» **TASK TO COMPLETE**
Beginning at the line that holds "ES9018K2M Lyd Dekoder", repeat every line through the last line of the material, exactly, and drop any pictures.

━━━ EXCERPTED DATA

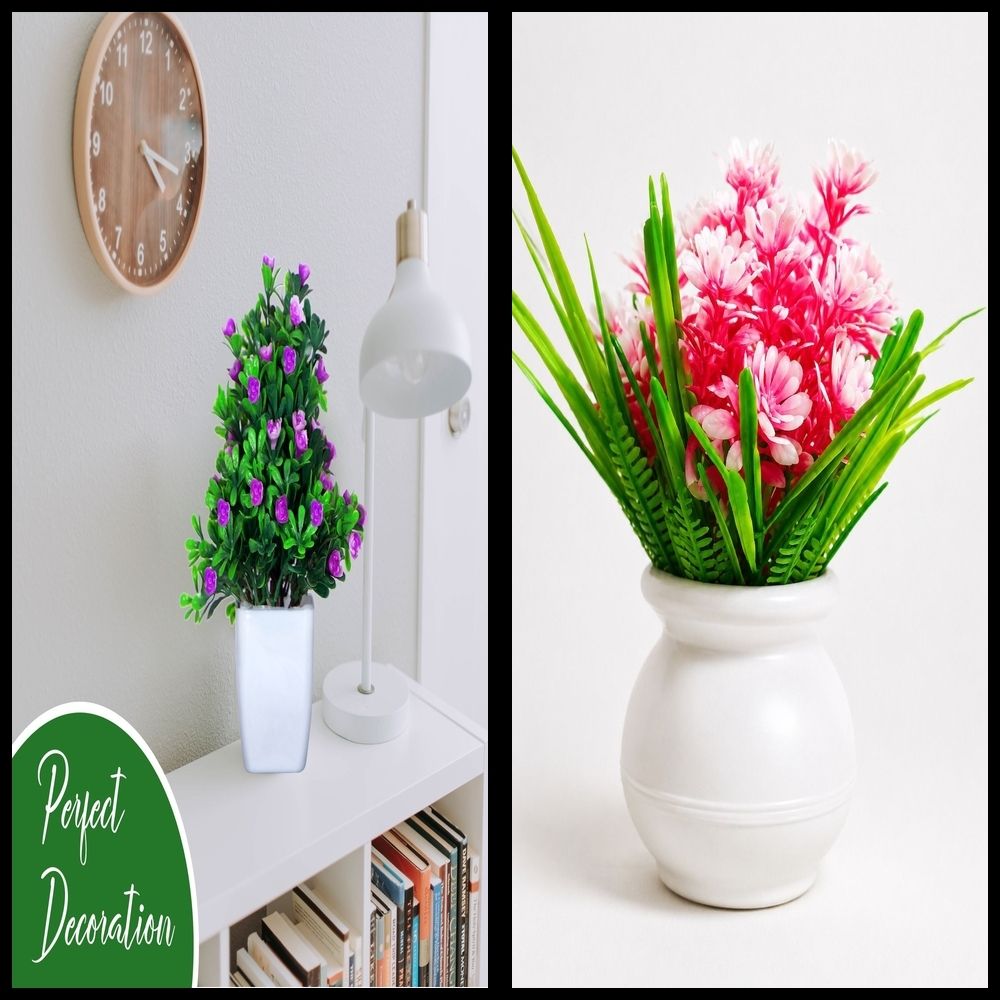 nexat Artificial Plant with Pot for Decoration of LivingRoom, Showcase or Office Table Bonsai Wild Artificial Plant with Pot-picture-3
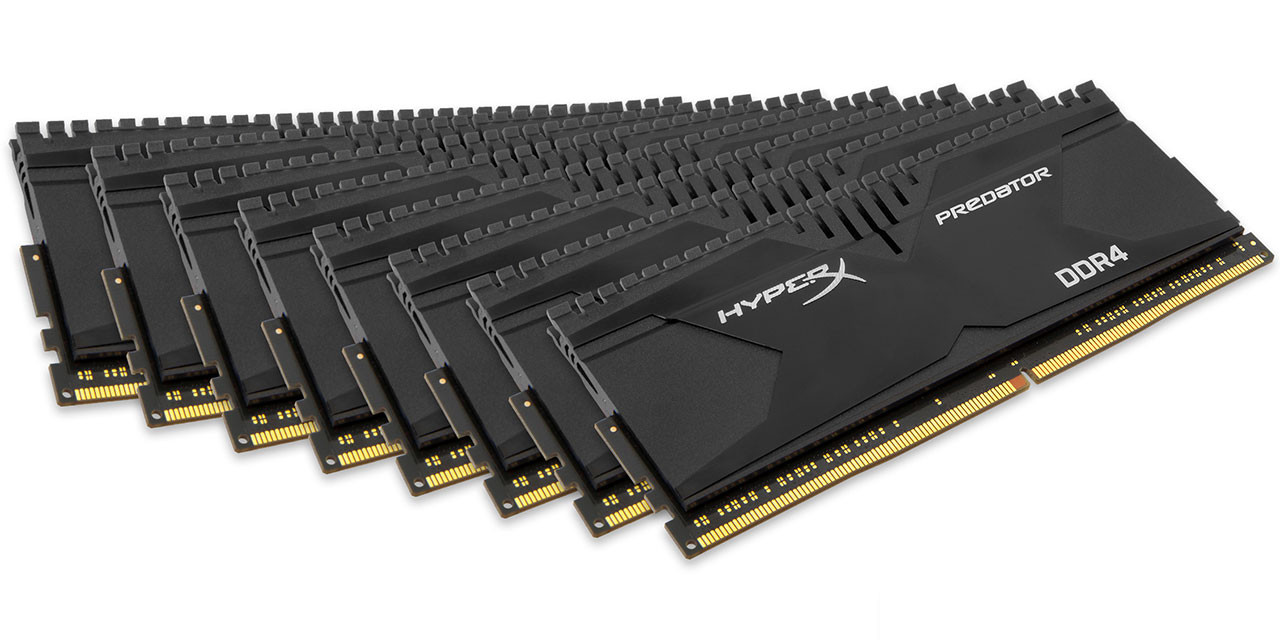 Η HyperX προσφέρει τις ταχύτερες 128GB DDR4 RAM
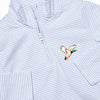Doorbuster: Mallard Embroidered Pullover, Blue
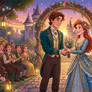 Chad and Elena in wedding outfits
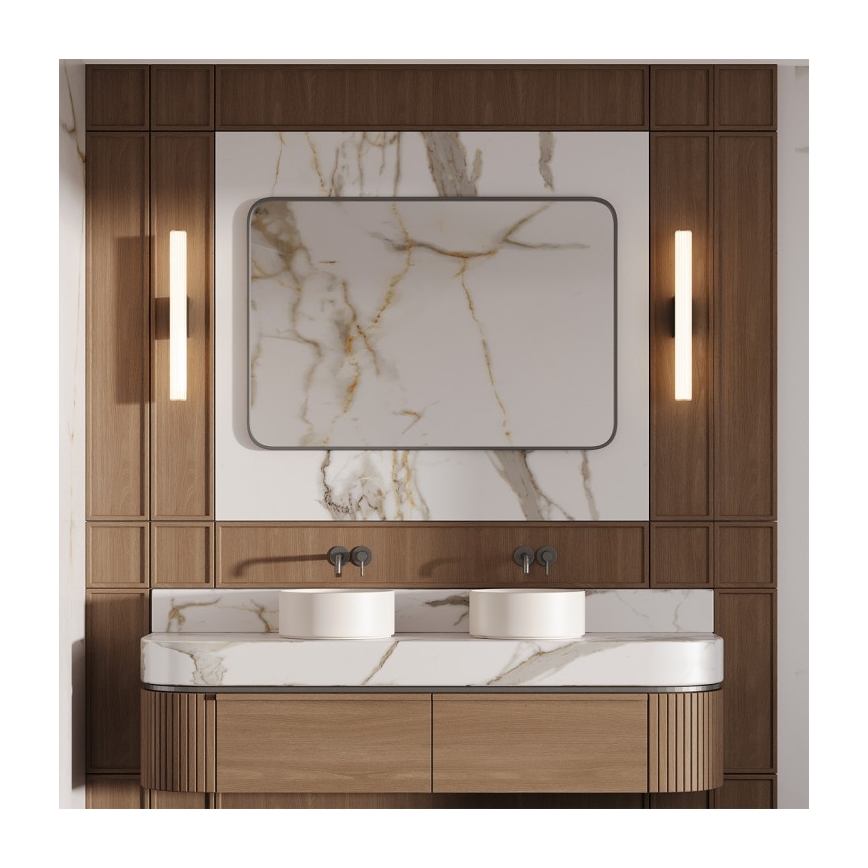 LED-светильник для зеркала в ванной LINEA LED/12W/230V 3000/4000/6000K IP44 61 см черный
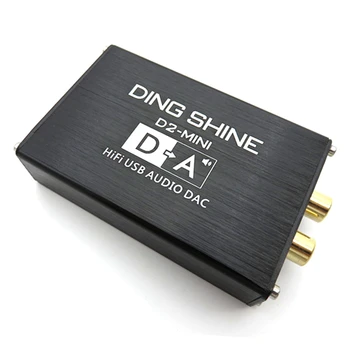 ES9018K2M Lyd Dekoder DAC HIFI USB-lydkort Dekodning Støtte 32Bit 384KHz til Forstærker til hjemmebiograf RCA-Udgang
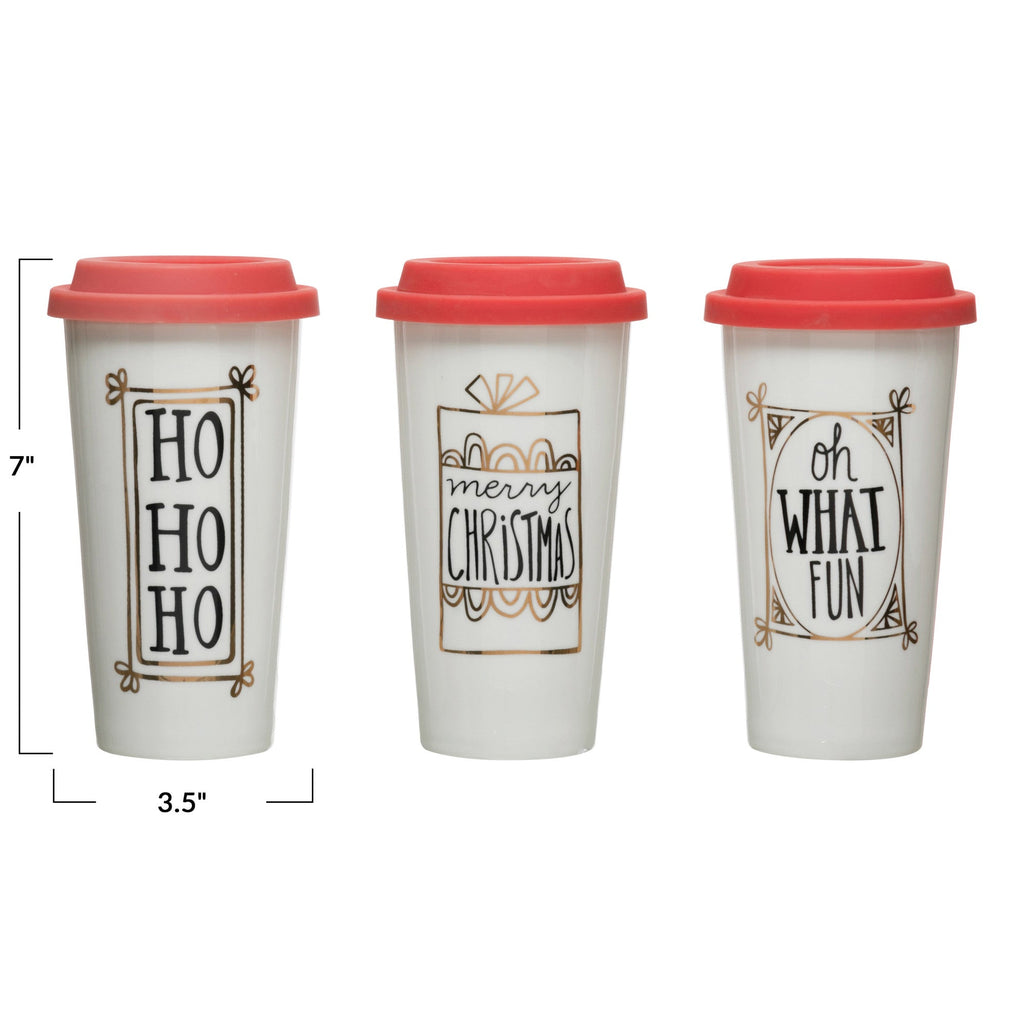 Stoneware Travel Christmas Mug - Mae It Be Home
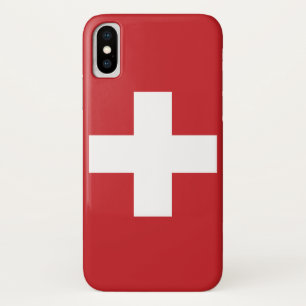 Switzerland Flag iPhone X Case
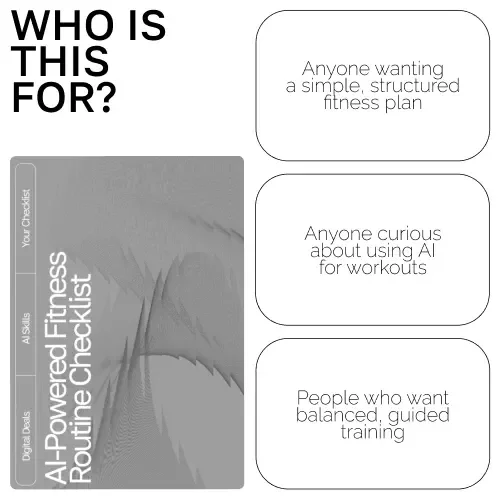 AI-Powered Fitness Routine Checklist | Smart Workout Planner | Digital Download for ai suggestions for balanced fitness routines | Wellness & Training Guide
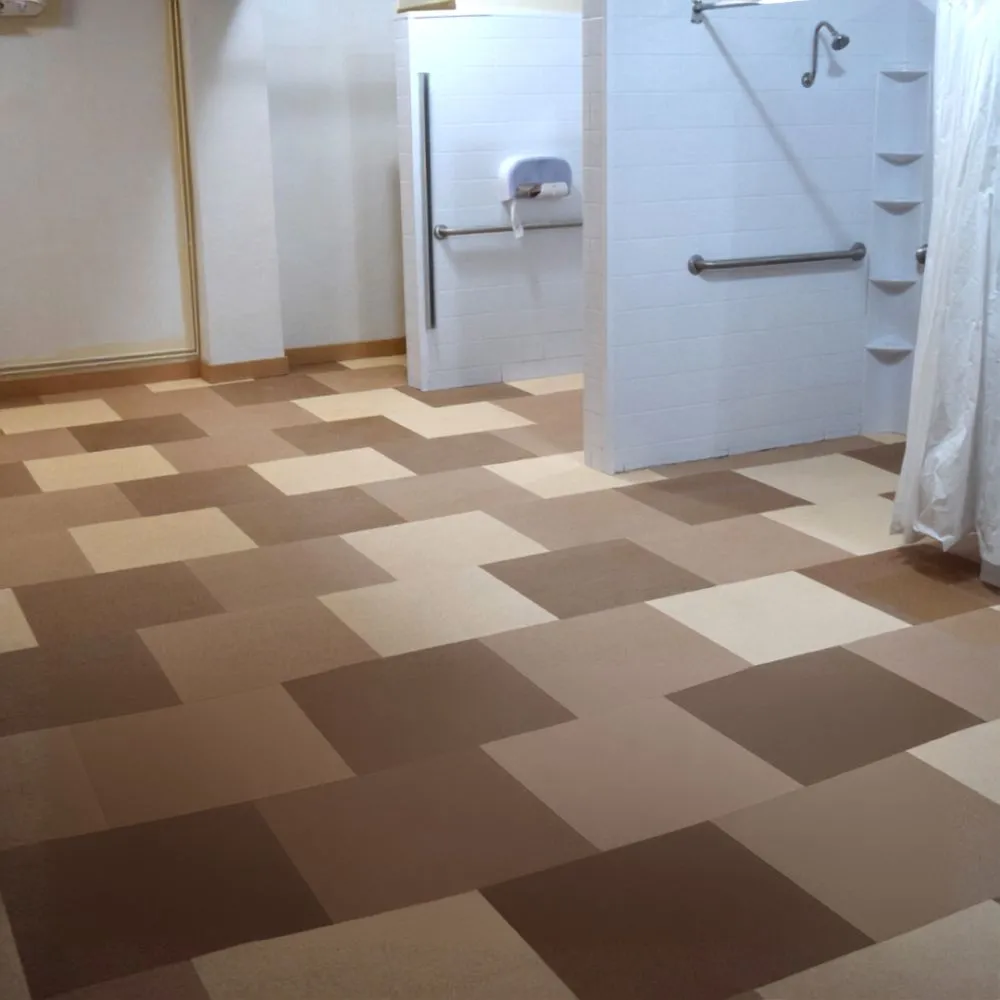 Slip Resistant Locker Room Flooring
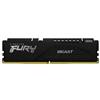 Kingston Ram DIMM DDR5 16GB Kingston 5200MHz CL40 1.25V Fury Beast Nero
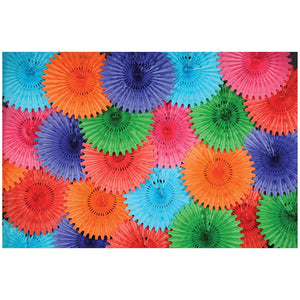 Bulk Tissue Fan blue Party Decoration (Case of 12) by Beistle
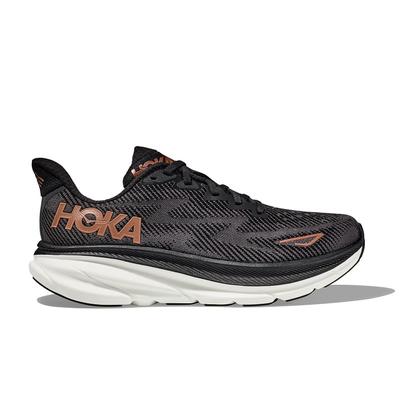 Women's Hoka Clifton 9 BLACK/COPPER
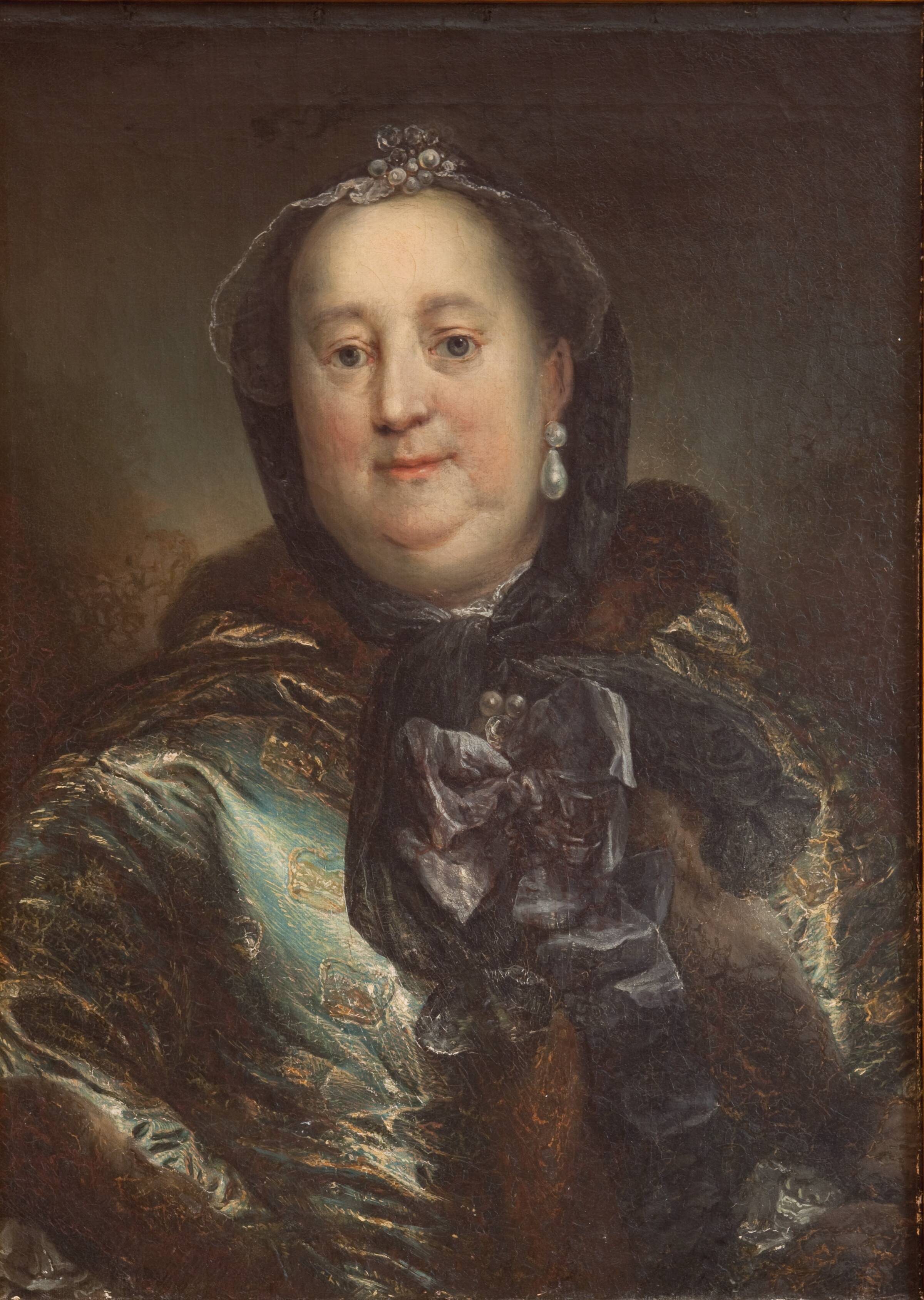 Portræt af hertuginde Antoinette Amalie af Braunschweig-Wolfenbüttel, C.G. Pilo, 1726-1793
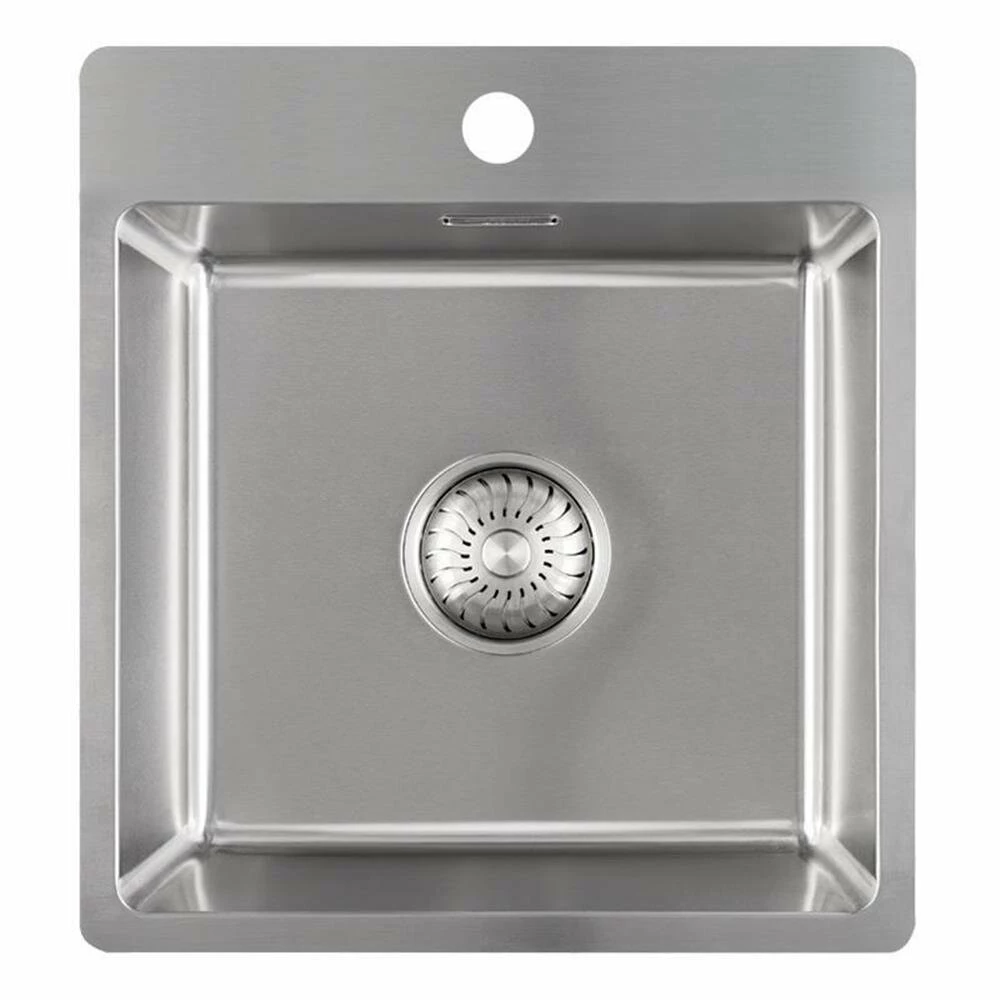 Caressi Einbauspüle Basic Line CABL37KR15 41 X 45 Cm Edelstahl 3 Caressi Einbauspüle Basic Line CABL37KR15 41 X 45 Cm Edelstahl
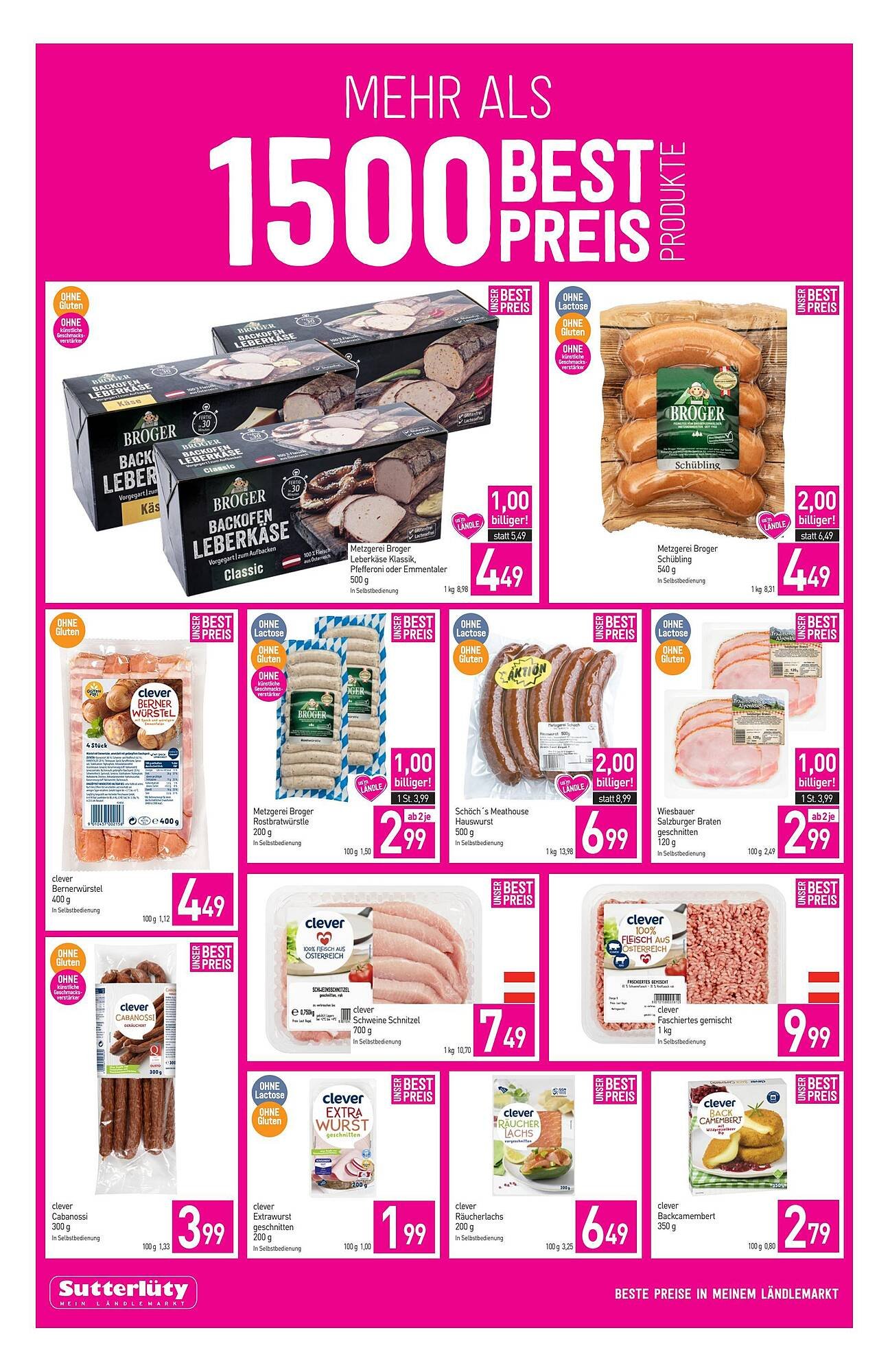 Sutterlüty Flugblatt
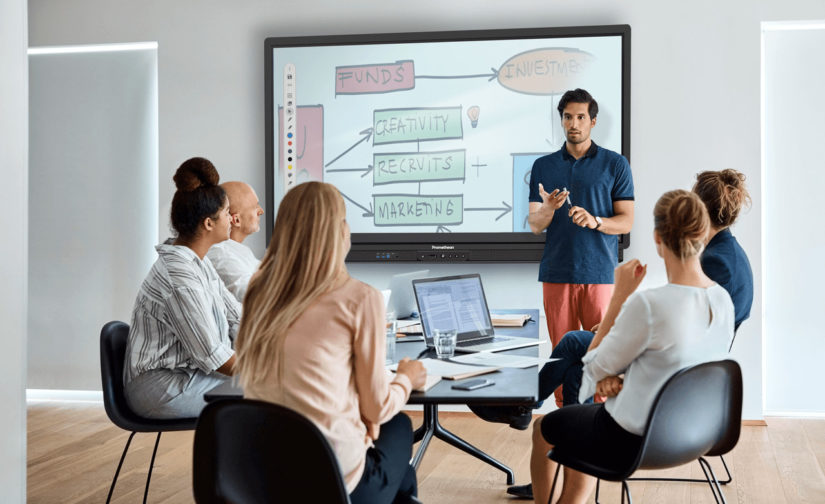 Hội nghị truyền hình với màn hình tương tác thông minh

━━━━━━

» **ANSWER SECTION**
 ES9018K2M Lyd Dekoder DAC HIFI USB-lydkort Dekodning Støtte 32Bit 384KHz til Forstærker til hjemmebiograf RCA-Udgang
 Stoneware Travel Christmas Mug - Mae It Be Home
 Switzerland Flag iPhone X Case
 AI-Powered Fitness Routine Checklist | Smart Workout Planner | Digital Download for ai suggestions for balanced fitness routines | Wellness & Training Guide
 Slip Resistant Locker Room Flooring
 Kingston Ram DIMM DDR5 16GB Kingston 5200MHz CL40 1.25V Fury Beast Nero
 Bulk Tissue Fan blue Party Decoration (Case of 12) by Beistle
 Women's Hoka Clifton 9 BLACK/COPPER
 Portræt af hertuginde Antoinette Amalie af Braunschweig-Wolfenbüttel, C.G. Pilo, 1726-1793
 Caressi Einbauspüle Basic Line CABL37KR15 41 X 45 Cm Edelstahl 3 Caressi Einbauspüle Basic Line CABL37KR15 41 X 45 Cm Edelstahl
 Sutterlüty Flugblatt
 Hội nghị truyền hình với màn hình tương tác thông minh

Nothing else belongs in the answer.